Hunting new markets, Turkey finds limits in Middle East turmoil

By bne IntelliNews February 14, 2011

Justin Vela in Istanbul -

The global economic crisis and subsequent fall in EU trade taught Turkey a lesson about the benefits of diversification. As such, Turkey began seeking new markets among its Muslim neighbours and with the unrest in Tunisia and Egypt, it's now even being talked about as a model for the region. Is Ankara in danger of overplaying its hand?

Traditionally, the EU has been Turkey's biggest trading partner and is likelty to remain so for some time to come. Even so, its share of Turkish exports fell to 46.3% from 56.5% in 2002, while at the same time exports to Middle Eastern countries rose from 9.6% in 2002 to 20.3% in 2010. "The dominance of the Eurozone market sometimes might be a bit problematic, [especially] when the global crisis hits developing economies," says Haluk Burumcekci, chief economist at EFG Istanbul. "Turkey is trying to diversify the export market and find new markets for its products, especially for its manufacturing products."

In January, as part of efforts to find new markets in Muslim countries, the Istanbul Stock Exchange (ISE) launched a new participation index to track 30 sharia-compliant companies. The index is meant to bolster trade with countries in the Middle East, Gulf and North Africa. Real estate trust Emlak Konut, retailer Birlesik Magazalar and telecommunications giant Turk Telekom are among the companies listed on the index.
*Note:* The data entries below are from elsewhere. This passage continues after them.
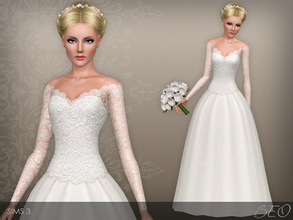 Sims 3 — Wedding dress 39 by BEO — Wedding dress presented in 1 variant. Lace top with deep low-neck, long sleeves and a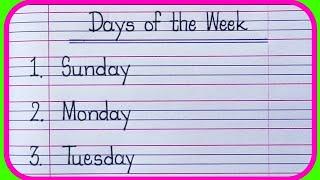 Sunday Monday-Days of the week/Sunday Monday ki spelling/saptah ke dinon ke naam/sunday to saturday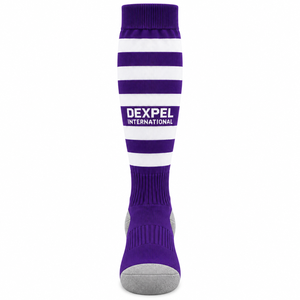Purple <b>White</b> Striped Knee High <b>Socks</b> for <b>Men</b> Women Knitted <b>Sports</b> Football Tube <b>Socks</b> Cheap Price OEM Custom Wholesale Rate - Product Image 1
Turkey has also ended visa requirements for many neighbouring countries, especially those in the Middle East such as Lebanon, Syria, Jordan, Iran, and Yemen. Free trade zones with many of these countries are expected soon. "Diversifying export destination is clearly a key positive for Turkey," says Thomas Wilson, head of emerging markets at Schroders. "Increasing the share of exports, primarily to the Middle East and North Africa, has gradually been reducing exposure on Europe and increasing exposure to economies with good growth potential and young populations. Turkish diplomacy appears to have done much to facilitate this."
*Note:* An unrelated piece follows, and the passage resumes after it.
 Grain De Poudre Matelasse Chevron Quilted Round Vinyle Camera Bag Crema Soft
Lionised because of its economic prosperity, coupled with a perceived willingness to stand up to the US and Israel, Turkey's search for new friends has proved relatively straightforward. And now with unrest threatening the autocratic regimes in the Muslim world, the country is even being looked on as a model for the region. A recent survey carried out in Arab countries by the Turkish Economic and Social Studies Foundation (TESEV) found that 65% of respondents believed Turkey could be a regional model. 15% of those surveyed thought Turkey could serve as a model due to its Muslim background; 12% put Turkey's strong economy as a reason; and 11% put its democratic government. However, 10% rejected Turkey as a model because of its relations with western nations.

Delusions of grandeur

Turkey may have won popularity among the region's populations and opened doors at the local finance and trade ministries, but experts bne spoke with recently in Washington DC warned that the country is in danger of becoming over-confident.

Turkey's ruling Justice and Development Party (AKP) is seeking to highlight its leadership role in the region, especially before parliamentary elections in June. Yet the more Turkey involves itself in this volatile region, the more the limits of its influence become apparent.

In terms of trade, nearly all imports are centred on energy - the gift and curse of the Middle East. Turkish exports already have a good market there, especially in Iraq where Turkish companies are very active. However, consumption levels rising across the region is still theory. Democracy may make Turkey popular, but in practice it has only strengthened ties with autocratic rulers in Iran and Syria. According to Alternatifbank economist Serdar Senol, a number of Turkish firms have also reported a great deal of bureaucratic red tape in doing business in the Middle East.

On a policy front, Turkey quickly dropped out of mediating between pro-western parties in Lebanon and the anti-western Hezbollah, which toppled a coalition government in January. This was just two months after Turkish Prime Minister Recep Tayyip Erdogan was enthusiastically greeted in Beirut, where he claimed to have moved forward the prospect of a free trade zone between Turkey, Lebanon, Jordan, and Syria. It appears Middle Easterners enjoy Turkey's star all the more when it shines from home.

Even so, the problems at home of an overheating economy and a ballooning current account deficit could make the AKP more likely to concentrate on being perceived as a regional leader and perhaps even intensify jabs at the EU over the slow accession process, experts say.

The country demands that the West accept the geopolitics of a post-Cold War world, but, sitting in so many camps, Turkey might find itself spread too thin.